Required action ::
Send back the records exactly as written, with no images.

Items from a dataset

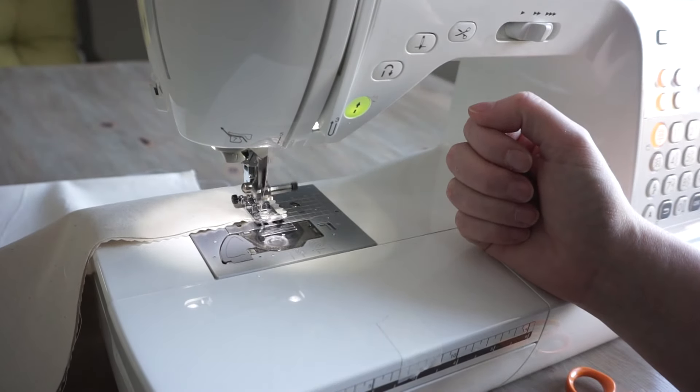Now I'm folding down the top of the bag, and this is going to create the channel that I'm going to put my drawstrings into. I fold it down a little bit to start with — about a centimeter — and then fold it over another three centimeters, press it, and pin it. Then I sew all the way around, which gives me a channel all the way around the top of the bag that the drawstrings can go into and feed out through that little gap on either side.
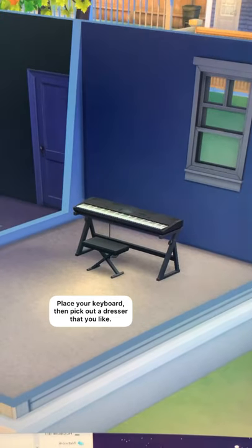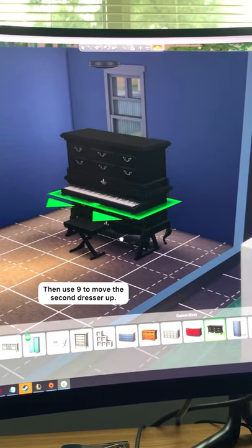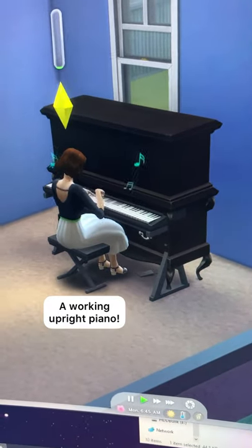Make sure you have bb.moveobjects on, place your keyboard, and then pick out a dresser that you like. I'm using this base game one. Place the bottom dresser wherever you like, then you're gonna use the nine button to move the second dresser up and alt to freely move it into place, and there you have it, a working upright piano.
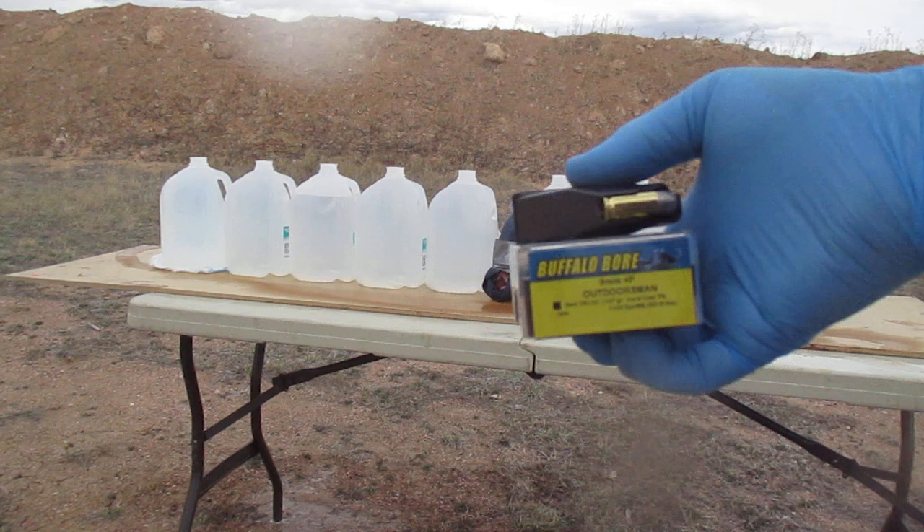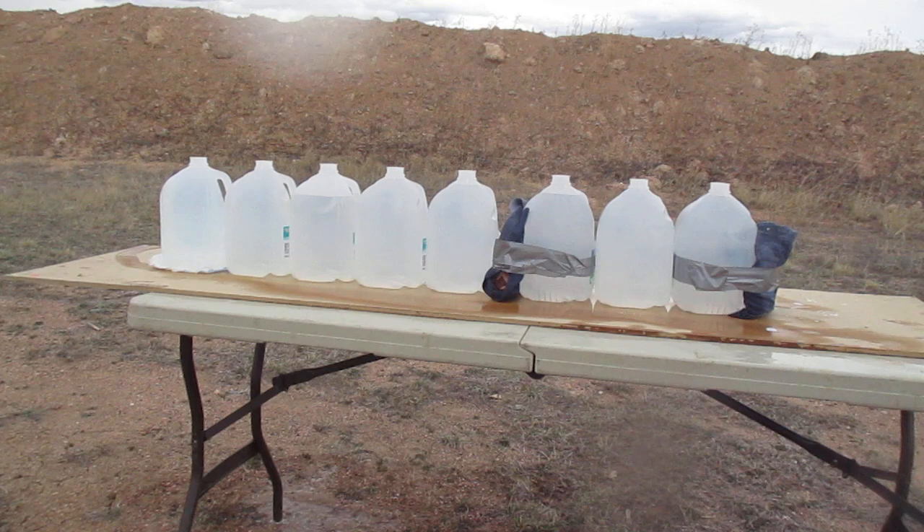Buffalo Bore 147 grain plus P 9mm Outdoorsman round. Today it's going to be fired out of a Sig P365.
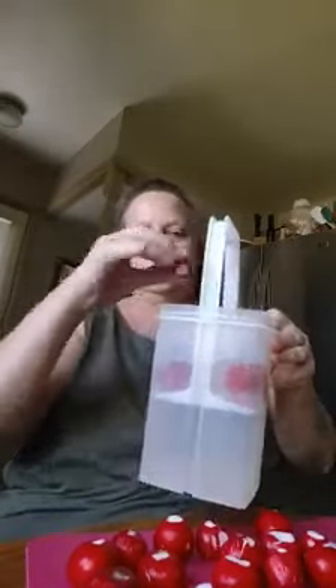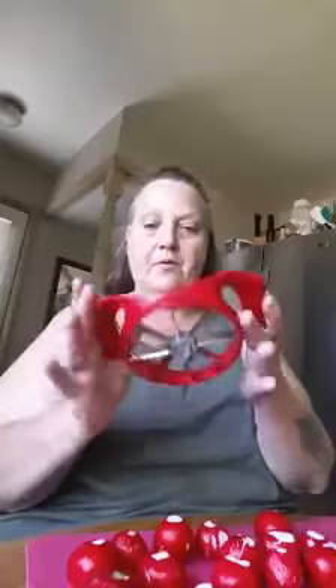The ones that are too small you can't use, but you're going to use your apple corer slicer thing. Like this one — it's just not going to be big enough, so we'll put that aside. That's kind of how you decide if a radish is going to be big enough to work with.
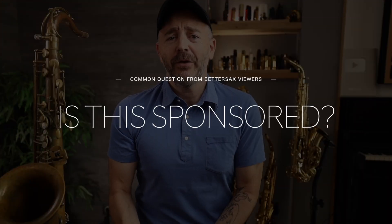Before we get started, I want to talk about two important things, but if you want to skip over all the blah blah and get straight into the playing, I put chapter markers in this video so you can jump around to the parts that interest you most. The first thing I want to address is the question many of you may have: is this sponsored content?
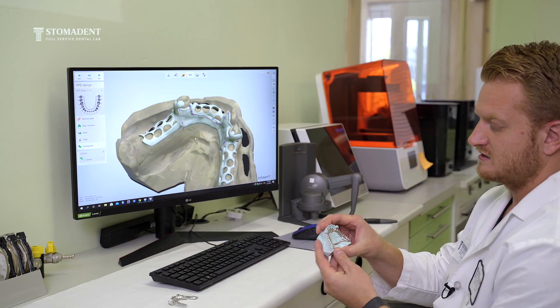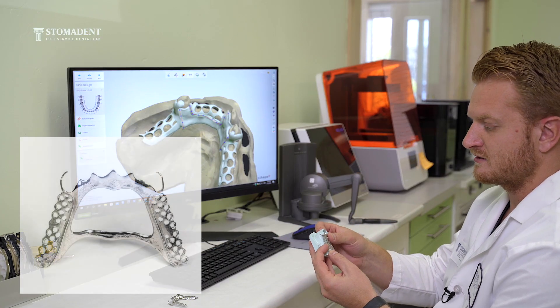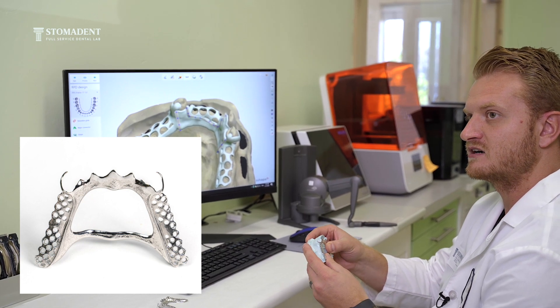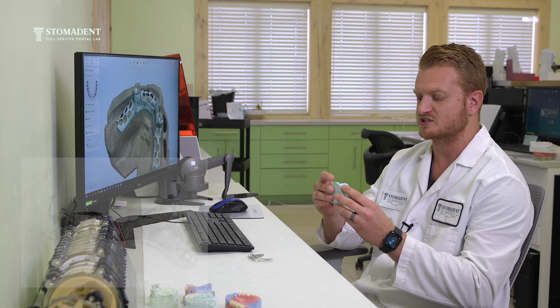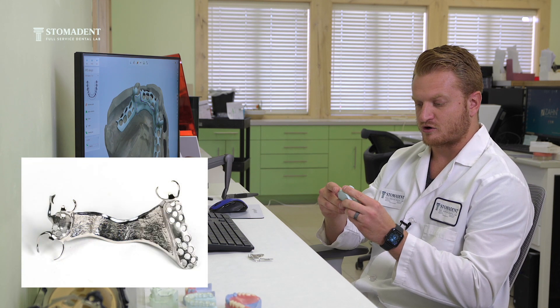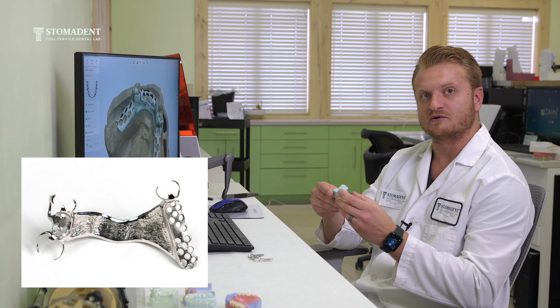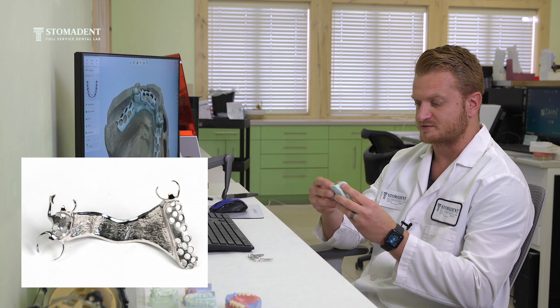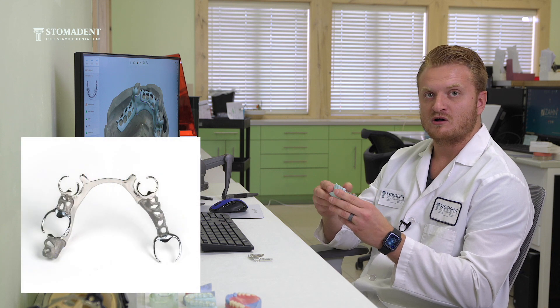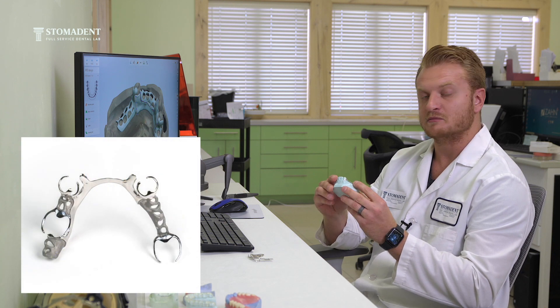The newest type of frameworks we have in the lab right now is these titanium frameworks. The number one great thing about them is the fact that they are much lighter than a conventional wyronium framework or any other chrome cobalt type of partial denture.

Answer section ::
Now I'm folding down the top of the bag, and this is going to create the channel that I'm going to put my drawstrings into. I fold it down a little bit to start with — about a centimeter — and then fold it over another three centimeters, press it, and pin it. Then I sew all the way around, which gives me a channel all the way around the top of the bag that the drawstrings can go into and feed out through that little gap on either side.
Make sure you have bb.moveobjects on, place your keyboard, and then pick out a dresser that you like. I'm using this base game one. Place the bottom dresser wherever you like, then you're gonna use the nine button to move the second dresser up and alt to freely move it into place, and there you have it, a working upright piano.
Buffalo Bore 147 grain plus P 9mm Outdoorsman round. Today it's going to be fired out of a Sig P365.
The ones that are too small you can't use, but you're going to use your apple corer slicer thing. Like this one — it's just not going to be big enough, so we'll put that aside. That's kind of how you decide if a radish is going to be big enough to work with.
Before we get started, I want to talk about two important things, but if you want to skip over all the blah blah and get straight into the playing, I put chapter markers in this video so you can jump around to the parts that interest you most. The first thing I want to address is the question many of you may have: is this sponsored content?
The newest type of frameworks we have in the lab right now is these titanium frameworks. The number one great thing about them is the fact that they are much lighter than a conventional wyronium framework or any other chrome cobalt type of partial denture.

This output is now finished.